The gilded child of fashion was first at the tryst, and Justine Duprez threw herself into her secret lover’s arms with a glad cry of triumph, when ten o’clock brought her to the meeting place. “If I could only come to you,” she fiercely sighed—“in your palace home!
“But wait—wait—till we have netted my lady. I have news now to make your heart dance.”
The panting woman drew from her breast a scrawl of paper, on which she had copied even the office marks. “This telegram came this morning. You see that it is dated Washington.” Vreeland’s heart bounded as he read the words: “Arlington—to-morrow. Don’t fail.” Was it an appointment—a lover’s secret call?
He could have shouted with triumph, as he gazed on the signature, “Alynton,” for a messenger had brought him a note at the moment of his departure to meet Justine. His patroness had fallen into a snare.
“I am going to Pittsburg to-night. Come up and dine. I will give you your orders for a week.”
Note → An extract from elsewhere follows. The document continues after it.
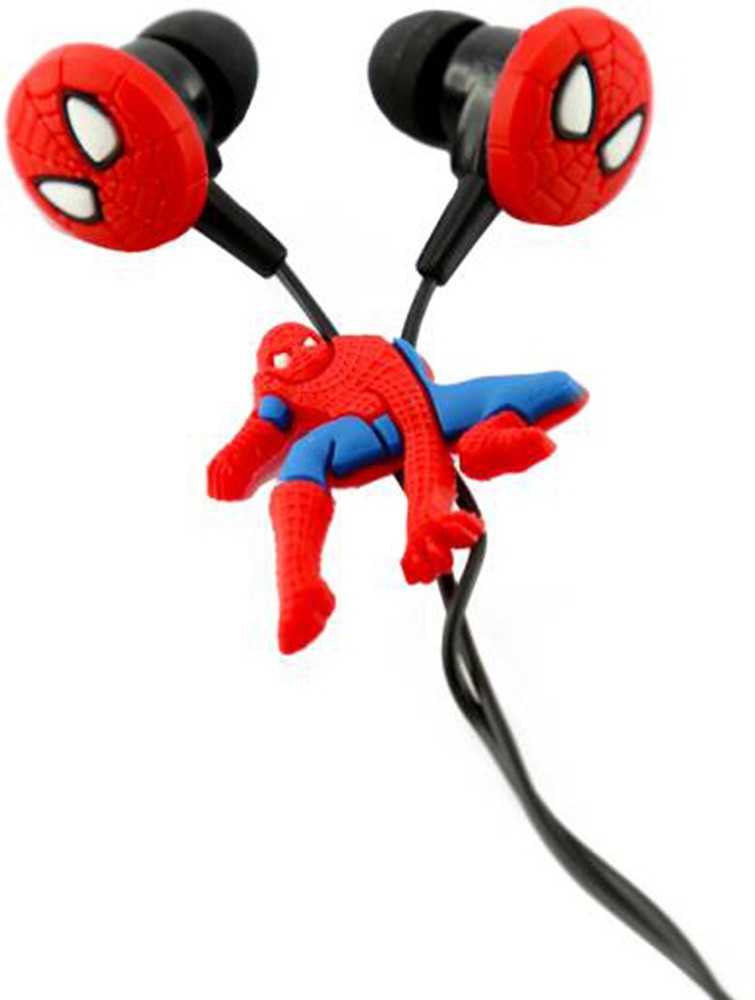 Cartoon earphones flipkart best sale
He drew out the note, and glanced at the firm pen stroke. “Can Alynton be the father of Alva Whiting?” he growled.
He dropped his head on the table, while Justine took off her hat and wraps with the easy insouciance of a Camille. He was mad with mingled greed and jealousy.
“Perhaps! Alynton’s father was an irascible magnate of enormous wealth. They are about the same age. He may have feared his father’s wrath, for he naturally should make a political marriage. Ah! my lady, you have lied to me.
“If it is not the old secret of two guilty hearts, then there is the gordian knot of the great Sugar intrigue in this.”
His thoughts thronged upon him with lightning rapidity, and as her head lay on his arm, he gave the triumphant Frenchwoman her orders.